After a three-month hiatus, the Sundarbans is gearing up to welcome tourists on September 1.
In light of fish-breeding season, the Forest Department imposed a ban on fishing and fish harvesting in the rivers and canals of the world’s largest mangrove forest from Jun 1 to Aug 31. Visitors were also barred from entering the Sundarbans during this period.
But the restrictions are set to be lifted at the end of the week, said Mihir Kumar Dey, conservator of forests in the Khulna region. Alongside tourists, foresters will also be allowed back into the Sundarbans with a permit.
The initiative to prohibit fishing in the Sundarbans during the summer months started in 2019, in line with the recommendations of the Integrated Resources Management Planning (IRMP) to protect fishery resources, reports bdnews24.com.
This year, however, the duration of the ban was extended by a month, starting on Jun 1.
Ahead of the reopening, forest-dependent fishermen, tour operators, launches and boatmen are busy making preparations.

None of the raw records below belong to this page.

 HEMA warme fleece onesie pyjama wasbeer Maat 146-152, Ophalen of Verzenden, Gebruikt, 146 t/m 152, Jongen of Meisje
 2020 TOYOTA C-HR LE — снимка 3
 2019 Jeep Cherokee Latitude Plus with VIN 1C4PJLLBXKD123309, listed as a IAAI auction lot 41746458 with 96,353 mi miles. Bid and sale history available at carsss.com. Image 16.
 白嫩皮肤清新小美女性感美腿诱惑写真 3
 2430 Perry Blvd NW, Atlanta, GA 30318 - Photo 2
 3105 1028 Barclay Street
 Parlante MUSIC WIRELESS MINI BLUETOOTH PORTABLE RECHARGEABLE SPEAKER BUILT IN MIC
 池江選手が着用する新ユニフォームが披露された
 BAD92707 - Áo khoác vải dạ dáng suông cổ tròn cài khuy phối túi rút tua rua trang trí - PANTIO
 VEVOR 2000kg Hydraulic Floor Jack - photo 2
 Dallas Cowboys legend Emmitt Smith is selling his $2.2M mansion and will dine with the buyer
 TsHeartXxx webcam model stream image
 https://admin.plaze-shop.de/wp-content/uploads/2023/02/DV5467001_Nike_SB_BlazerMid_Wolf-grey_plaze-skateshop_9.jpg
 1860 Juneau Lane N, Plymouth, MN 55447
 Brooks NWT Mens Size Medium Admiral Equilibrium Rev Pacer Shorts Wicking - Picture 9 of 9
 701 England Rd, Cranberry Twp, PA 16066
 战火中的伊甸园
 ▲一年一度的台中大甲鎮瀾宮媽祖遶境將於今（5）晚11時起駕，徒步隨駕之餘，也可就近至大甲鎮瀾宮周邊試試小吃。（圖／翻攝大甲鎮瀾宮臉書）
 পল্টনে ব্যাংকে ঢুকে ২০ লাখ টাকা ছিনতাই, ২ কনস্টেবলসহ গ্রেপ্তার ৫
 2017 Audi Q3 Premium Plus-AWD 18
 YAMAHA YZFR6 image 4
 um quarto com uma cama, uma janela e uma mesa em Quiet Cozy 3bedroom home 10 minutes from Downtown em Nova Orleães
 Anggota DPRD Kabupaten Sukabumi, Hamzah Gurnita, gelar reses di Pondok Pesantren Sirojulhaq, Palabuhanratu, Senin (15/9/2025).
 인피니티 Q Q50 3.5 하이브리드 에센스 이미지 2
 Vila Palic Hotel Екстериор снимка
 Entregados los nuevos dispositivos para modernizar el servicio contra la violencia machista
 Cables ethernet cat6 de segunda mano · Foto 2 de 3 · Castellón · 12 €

Tour operators highlighted the Sundarbans’ standing as one of the most attractive tourist destinations not just in Bangladesh, but the world. Every year, more than 200,000 local and foreign tourists immerse themselves in the natural beauty of the vast tract of forest and saltwater swamps.
This year, they expect an even bigger turnout as the launch of the Padma Multipurpose Bridge has established direct road links to the southern region.
Visitors can choose from an array of launches, tour boats, trawlers and other vessels to travel to various coastal and forest areas, including Karamjal, Katka, Kachikhali, Harbaria, Hiron Point, Dubla and Neelkamal.
However, the increased cost of fuel and other necessities in the wake of a global energy crisis has put a strain on tour operators, said M Nazmul Azam David, general secretary of the Sundarbans Tour Operators Association.
“The rising prices of all types of goods, including fuel oil, has left traders in the tourism sector counting bigger losses.”
SUNDARBANS REGAINS ITS LUSTRE
The establishment of heavy industrial units near the Sundarbans and the varying degree of pollution emitted by vessels traversing the forest have had an adverse impact on wildlife in the region, according to Dr Abdullah Harun Chowdhury, a professor of environmental science at Khulna University.
In addition to the illegal extraction of the forest’s resources, the unregulated movement of tourists and the construction of ‘unplanned infrastructure’ are also affecting the habitat of wild animals, he said.
However, Zahirul Islam Jewel, station officer of the Kalabagi Eco Tourism Centre, believes the three-month ban on entry into the Sundarbans has allowed the forest to regain its lustre.
“No one has been able to enter Sundarbans for the past 3 months. As a result, wild animals have not been exposed to the noises and sounds generated by people and boats. They are roaming freely again. It seems like the Sundarbans is back to its natural state.”